Ve bu kişilerin pek çoğu Saadet Partisine gönül vermiş kişilerden oluşuyor. Ama çok fazla cahil, çok fazla ucuz hesap peşinde olan kişiler "hem kendilerine hem davaya, hem de partilerine yazık ediyorlar.
İnsan "kendini akıllı sanmakla" akıl olmaz. Bunlar kendilerini "hem akıllı, hem de doğru yolda" sanıyorlar. Oysa hayatlarında "hiç bir fark yok" bir Ak Partili kişinin hayatından. Aynı çeşmenin suyunu içerek büyüdük hepimiz bilinse.
Bunun böyle olduğunu yazıp söylemezsek doğru yerde durmuş olmazdık. Bu arkadaşlara "sık-sık hatırlatma yapmalı" birileri. Yoksa bunlar azaldıkça "kendilerini" daha çok kutsayacaklar kendilerini.
Olmaz böyle şey!
Sen bir yandan bankalarla ilişkini en yüksek seviyede tut, cebinde onlarca kredi kartı taşı, büyük alışveriş merkezlerinde dolaş, alış veriş yap, beyaz adamlar gibi ye iç, keyfince yaşa, en pahalı arabalara bin, en lüks evlerde otur, evini en lüks, en marka eşyalarla doldur "sonra kalk" bu ülkeye şeriat gelmeli de.

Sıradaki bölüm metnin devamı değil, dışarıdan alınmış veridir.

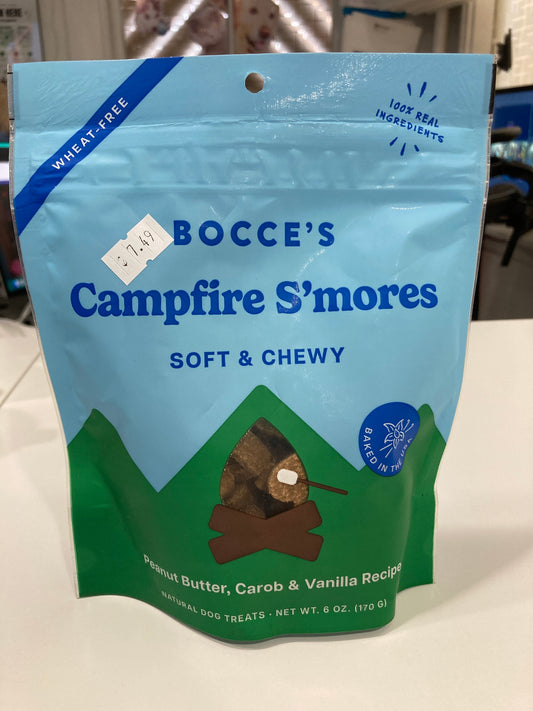 Bocce's Bakery Campfire S'Mores Treats for Dogs, Wheat-Free Everyday Dog Treats, Made with Real Ingredients, Baked in The USA, All-Natural Soft & Chewy Cookies, Peanut Butter, Carob, & Vanilla, 6 oz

Sahi biz kimi kandırıyoruz? Bu tavır İslami bir tavır mı? İnsan dünyayı, ülkeyi değiştirmekten "söz etmekten se" önce kendini değiştirmeli insan. Kendi kalbinde, kendi zihninde devrim yapmalı. Yapabiliyor musun? Kendi içinde devrim yapamayanlar, kendi kalplerine kendi evlerine şeriatı taşıyamayanlar "başka söz" etmemeliler.
Aramızda bir çok kişi bu sahte oyunu oynamakla meşguller, böylece "iyi insan, iyi Müslüman" görünme rengiyle selamet çıkacaklarını sanıyorlar. Kendilerine yazık ediyorlar. Ümmetin geleceğine yazık ediyorlar. Ülkenin geleceğine yazık ediyorlar. Ve kardeşliğe yazık ediyorlar.
Birileri bir şey söylemeli böyle insanlara. Hatta "birbirimize" bir şey söylemeliyiz. Bilmeliyiz bu yolun sonu insana çıkmaz. Bu yolun sonu İslam, ve kitaba çıkmaz.
Selametle kalın kardeşlerim. Hayır ve iyilik içinde kalın.